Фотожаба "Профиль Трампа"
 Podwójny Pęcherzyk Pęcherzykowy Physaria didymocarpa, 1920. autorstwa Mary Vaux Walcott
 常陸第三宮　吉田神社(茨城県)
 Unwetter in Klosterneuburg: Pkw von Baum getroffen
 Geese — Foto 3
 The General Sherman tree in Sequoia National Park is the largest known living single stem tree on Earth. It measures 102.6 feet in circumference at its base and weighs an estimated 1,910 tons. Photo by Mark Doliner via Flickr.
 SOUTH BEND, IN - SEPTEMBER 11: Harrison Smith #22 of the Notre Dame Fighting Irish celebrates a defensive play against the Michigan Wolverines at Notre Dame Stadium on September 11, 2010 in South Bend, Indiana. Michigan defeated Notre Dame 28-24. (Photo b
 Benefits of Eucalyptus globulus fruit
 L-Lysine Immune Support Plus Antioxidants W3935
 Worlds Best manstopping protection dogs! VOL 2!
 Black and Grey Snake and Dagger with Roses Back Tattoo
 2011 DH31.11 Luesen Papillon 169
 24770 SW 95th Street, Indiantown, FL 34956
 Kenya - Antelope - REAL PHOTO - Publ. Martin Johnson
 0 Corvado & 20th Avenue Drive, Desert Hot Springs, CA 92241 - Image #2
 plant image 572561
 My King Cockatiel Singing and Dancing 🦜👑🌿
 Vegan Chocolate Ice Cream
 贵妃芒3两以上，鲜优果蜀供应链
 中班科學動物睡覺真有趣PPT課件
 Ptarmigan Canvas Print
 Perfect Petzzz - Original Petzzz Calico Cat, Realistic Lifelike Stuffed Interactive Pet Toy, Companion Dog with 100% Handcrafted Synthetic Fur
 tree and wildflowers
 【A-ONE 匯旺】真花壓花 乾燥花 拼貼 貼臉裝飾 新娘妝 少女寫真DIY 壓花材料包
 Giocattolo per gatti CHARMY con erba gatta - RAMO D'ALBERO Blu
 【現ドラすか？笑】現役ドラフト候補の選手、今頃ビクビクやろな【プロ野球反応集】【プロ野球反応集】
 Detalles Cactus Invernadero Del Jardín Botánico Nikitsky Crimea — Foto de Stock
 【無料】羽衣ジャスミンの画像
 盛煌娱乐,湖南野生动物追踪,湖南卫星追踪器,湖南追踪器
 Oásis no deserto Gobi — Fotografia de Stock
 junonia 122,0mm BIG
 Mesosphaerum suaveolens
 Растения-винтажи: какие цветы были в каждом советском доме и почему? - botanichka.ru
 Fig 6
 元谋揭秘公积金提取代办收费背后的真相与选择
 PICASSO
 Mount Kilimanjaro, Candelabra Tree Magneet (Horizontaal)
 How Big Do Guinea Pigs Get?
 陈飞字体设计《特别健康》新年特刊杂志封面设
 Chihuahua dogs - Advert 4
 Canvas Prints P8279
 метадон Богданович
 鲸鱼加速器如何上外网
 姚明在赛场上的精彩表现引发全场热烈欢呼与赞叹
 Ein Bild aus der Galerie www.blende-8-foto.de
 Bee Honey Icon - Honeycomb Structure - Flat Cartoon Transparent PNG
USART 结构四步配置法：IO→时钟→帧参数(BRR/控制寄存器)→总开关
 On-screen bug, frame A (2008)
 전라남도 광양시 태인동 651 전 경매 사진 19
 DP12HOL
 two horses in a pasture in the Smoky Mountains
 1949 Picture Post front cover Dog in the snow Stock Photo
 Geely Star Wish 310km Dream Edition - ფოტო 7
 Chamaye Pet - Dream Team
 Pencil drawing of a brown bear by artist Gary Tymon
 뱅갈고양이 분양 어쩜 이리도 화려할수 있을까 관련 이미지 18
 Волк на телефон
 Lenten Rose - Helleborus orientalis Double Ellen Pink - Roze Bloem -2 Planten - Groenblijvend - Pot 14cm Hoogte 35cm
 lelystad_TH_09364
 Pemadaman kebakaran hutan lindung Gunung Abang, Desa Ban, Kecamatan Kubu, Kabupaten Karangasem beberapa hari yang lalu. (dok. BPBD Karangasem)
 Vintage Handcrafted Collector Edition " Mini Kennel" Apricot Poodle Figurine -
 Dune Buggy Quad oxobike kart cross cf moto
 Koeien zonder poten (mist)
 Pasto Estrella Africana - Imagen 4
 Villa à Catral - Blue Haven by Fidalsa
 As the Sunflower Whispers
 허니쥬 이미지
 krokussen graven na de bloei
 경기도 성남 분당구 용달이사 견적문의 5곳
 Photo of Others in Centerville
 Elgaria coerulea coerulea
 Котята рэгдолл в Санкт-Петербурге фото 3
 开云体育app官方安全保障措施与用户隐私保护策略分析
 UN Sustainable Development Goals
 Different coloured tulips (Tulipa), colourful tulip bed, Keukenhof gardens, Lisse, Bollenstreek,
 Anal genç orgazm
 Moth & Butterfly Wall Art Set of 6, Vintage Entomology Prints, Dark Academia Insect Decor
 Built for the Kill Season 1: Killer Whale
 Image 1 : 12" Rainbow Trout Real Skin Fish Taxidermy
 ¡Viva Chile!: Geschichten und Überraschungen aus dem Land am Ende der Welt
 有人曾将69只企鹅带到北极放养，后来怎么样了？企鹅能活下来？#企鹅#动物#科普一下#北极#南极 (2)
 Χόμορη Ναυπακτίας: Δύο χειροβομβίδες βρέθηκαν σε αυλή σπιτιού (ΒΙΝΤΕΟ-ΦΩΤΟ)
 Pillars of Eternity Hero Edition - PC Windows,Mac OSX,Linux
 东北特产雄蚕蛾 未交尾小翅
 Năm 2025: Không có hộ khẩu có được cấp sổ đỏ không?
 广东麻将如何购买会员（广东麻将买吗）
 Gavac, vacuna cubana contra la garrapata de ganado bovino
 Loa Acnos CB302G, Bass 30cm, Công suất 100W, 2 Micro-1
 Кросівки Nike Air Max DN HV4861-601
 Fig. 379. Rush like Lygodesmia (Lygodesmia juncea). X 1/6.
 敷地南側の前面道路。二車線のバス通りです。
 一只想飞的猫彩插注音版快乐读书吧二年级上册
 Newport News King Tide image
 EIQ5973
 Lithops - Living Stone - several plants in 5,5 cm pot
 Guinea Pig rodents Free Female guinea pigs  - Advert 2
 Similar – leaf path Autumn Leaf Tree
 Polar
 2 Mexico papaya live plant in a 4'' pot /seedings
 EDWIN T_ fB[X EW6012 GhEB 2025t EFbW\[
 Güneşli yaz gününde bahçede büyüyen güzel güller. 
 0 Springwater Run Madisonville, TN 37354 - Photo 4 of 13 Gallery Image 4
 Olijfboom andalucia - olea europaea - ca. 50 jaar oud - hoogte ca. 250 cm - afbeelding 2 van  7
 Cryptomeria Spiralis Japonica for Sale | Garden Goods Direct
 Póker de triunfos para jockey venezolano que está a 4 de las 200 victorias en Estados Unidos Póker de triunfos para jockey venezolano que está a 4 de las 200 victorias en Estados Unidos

▸ WHAT TO DO
The records above should all be quoted exactly, please.

▸ RESPONSE FOR THIS EXERCISE
Фотожаба "Профиль Трампа"
 Podwójny Pęcherzyk Pęcherzykowy Physaria didymocarpa, 1920. autorstwa Mary Vaux Walcott
 常陸第三宮　吉田神社(茨城県)
 Unwetter in Klosterneuburg: Pkw von Baum getroffen
 Geese — Foto 3
 The General Sherman tree in Sequoia National Park is the largest known living single stem tree on Earth. It measures 102.6 feet in circumference at its base and weighs an estimated 1,910 tons. Photo by Mark Doliner via Flickr.
 SOUTH BEND, IN - SEPTEMBER 11: Harrison Smith #22 of the Notre Dame Fighting Irish celebrates a defensive play against the Michigan Wolverines at Notre Dame Stadium on September 11, 2010 in South Bend, Indiana. Michigan defeated Notre Dame 28-24. (Photo b
 Benefits of Eucalyptus globulus fruit
 L-Lysine Immune Support Plus Antioxidants W3935
 Worlds Best manstopping protection dogs! VOL 2!
 Black and Grey Snake and Dagger with Roses Back Tattoo
 2011 DH31.11 Luesen Papillon 169
 24770 SW 95th Street, Indiantown, FL 34956
 Kenya - Antelope - REAL PHOTO - Publ. Martin Johnson
 0 Corvado & 20th Avenue Drive, Desert Hot Springs, CA 92241 - Image #2
 plant image 572561
 My King Cockatiel Singing and Dancing 🦜👑🌿
 Vegan Chocolate Ice Cream
 贵妃芒3两以上，鲜优果蜀供应链
 中班科學動物睡覺真有趣PPT課件
 Ptarmigan Canvas Print
 Perfect Petzzz - Original Petzzz Calico Cat, Realistic Lifelike Stuffed Interactive Pet Toy, Companion Dog with 100% Handcrafted Synthetic Fur
 tree and wildflowers
 【A-ONE 匯旺】真花壓花 乾燥花 拼貼 貼臉裝飾 新娘妝 少女寫真DIY 壓花材料包
 Giocattolo per gatti CHARMY con erba gatta - RAMO D'ALBERO Blu
 【現ドラすか？笑】現役ドラフト候補の選手、今頃ビクビクやろな【プロ野球反応集】【プロ野球反応集】
 Detalles Cactus Invernadero Del Jardín Botánico Nikitsky Crimea — Foto de Stock
 【無料】羽衣ジャスミンの画像
 盛煌娱乐,湖南野生动物追踪,湖南卫星追踪器,湖南追踪器
 Oásis no deserto Gobi — Fotografia de Stock
 junonia 122,0mm BIG
 Mesosphaerum suaveolens
 Растения-винтажи: какие цветы были в каждом советском доме и почему? - botanichka.ru
 Fig 6
 元谋揭秘公积金提取代办收费背后的真相与选择
 PICASSO
 Mount Kilimanjaro, Candelabra Tree Magneet (Horizontaal)
 How Big Do Guinea Pigs Get?
 陈飞字体设计《特别健康》新年特刊杂志封面设
 Chihuahua dogs - Advert 4
 Canvas Prints P8279
 метадон Богданович
 鲸鱼加速器如何上外网
 姚明在赛场上的精彩表现引发全场热烈欢呼与赞叹
 Ein Bild aus der Galerie www.blende-8-foto.de
 Bee Honey Icon - Honeycomb Structure - Flat Cartoon Transparent PNG
USART 结构四步配置法：IO→时钟→帧参数(BRR/控制寄存器)→总开关
 On-screen bug, frame A (2008)
 전라남도 광양시 태인동 651 전 경매 사진 19
 DP12HOL
 two horses in a pasture in the Smoky Mountains
 1949 Picture Post front cover Dog in the snow Stock Photo
 Geely Star Wish 310km Dream Edition - ფოტო 7
 Chamaye Pet - Dream Team
 Pencil drawing of a brown bear by artist Gary Tymon
 뱅갈고양이 분양 어쩜 이리도 화려할수 있을까 관련 이미지 18
 Волк на телефон
 Lenten Rose - Helleborus orientalis Double Ellen Pink - Roze Bloem -2 Planten - Groenblijvend - Pot 14cm Hoogte 35cm
 lelystad_TH_09364
 Pemadaman kebakaran hutan lindung Gunung Abang, Desa Ban, Kecamatan Kubu, Kabupaten Karangasem beberapa hari yang lalu. (dok. BPBD Karangasem)
 Vintage Handcrafted Collector Edition " Mini Kennel" Apricot Poodle Figurine -
 Dune Buggy Quad oxobike kart cross cf moto
 Koeien zonder poten (mist)
 Pasto Estrella Africana - Imagen 4
 Villa à Catral - Blue Haven by Fidalsa
 As the Sunflower Whispers
 허니쥬 이미지
 krokussen graven na de bloei
 경기도 성남 분당구 용달이사 견적문의 5곳
 Photo of Others in Centerville
 Elgaria coerulea coerulea
 Котята рэгдолл в Санкт-Петербурге фото 3
 开云体育app官方安全保障措施与用户隐私保护策略分析
 UN Sustainable Development Goals
 Different coloured tulips (Tulipa), colourful tulip bed, Keukenhof gardens, Lisse, Bollenstreek,
 Anal genç orgazm
 Moth & Butterfly Wall Art Set of 6, Vintage Entomology Prints, Dark Academia Insect Decor
 Built for the Kill Season 1: Killer Whale
 Image 1 : 12" Rainbow Trout Real Skin Fish Taxidermy
 ¡Viva Chile!: Geschichten und Überraschungen aus dem Land am Ende der Welt
 有人曾将69只企鹅带到北极放养，后来怎么样了？企鹅能活下来？#企鹅#动物#科普一下#北极#南极 (2)
 Χόμορη Ναυπακτίας: Δύο χειροβομβίδες βρέθηκαν σε αυλή σπιτιού (ΒΙΝΤΕΟ-ΦΩΤΟ)
 Pillars of Eternity Hero Edition - PC Windows,Mac OSX,Linux
 东北特产雄蚕蛾 未交尾小翅
 Năm 2025: Không có hộ khẩu có được cấp sổ đỏ không?
 广东麻将如何购买会员（广东麻将买吗）
 Gavac, vacuna cubana contra la garrapata de ganado bovino
 Loa Acnos CB302G, Bass 30cm, Công suất 100W, 2 Micro-1
 Кросівки Nike Air Max DN HV4861-601
 Fig. 379. Rush like Lygodesmia (Lygodesmia juncea). X 1/6.
 敷地南側の前面道路。二車線のバス通りです。
 一只想飞的猫彩插注音版快乐读书吧二年级上册
 Newport News King Tide image
 EIQ5973
 Lithops - Living Stone - several plants in 5,5 cm pot
 Guinea Pig rodents Free Female guinea pigs  - Advert 2
 Similar – leaf path Autumn Leaf Tree
 Polar
 2 Mexico papaya live plant in a 4'' pot /seedings
 EDWIN T_ fB[X EW6012 GhEB 2025t EFbW\[
 Güneşli yaz gününde bahçede büyüyen güzel güller. 
 0 Springwater Run Madisonville, TN 37354 - Photo 4 of 13 Gallery Image 4
 Olijfboom andalucia - olea europaea - ca. 50 jaar oud - hoogte ca. 250 cm - afbeelding 2 van  7
 Cryptomeria Spiralis Japonica for Sale | Garden Goods Direct
 Póker de triunfos para jockey venezolano que está a 4 de las 200 victorias en Estados Unidos Póker de triunfos para jockey venezolano que está a 4 de las 200 victorias en Estados Unidos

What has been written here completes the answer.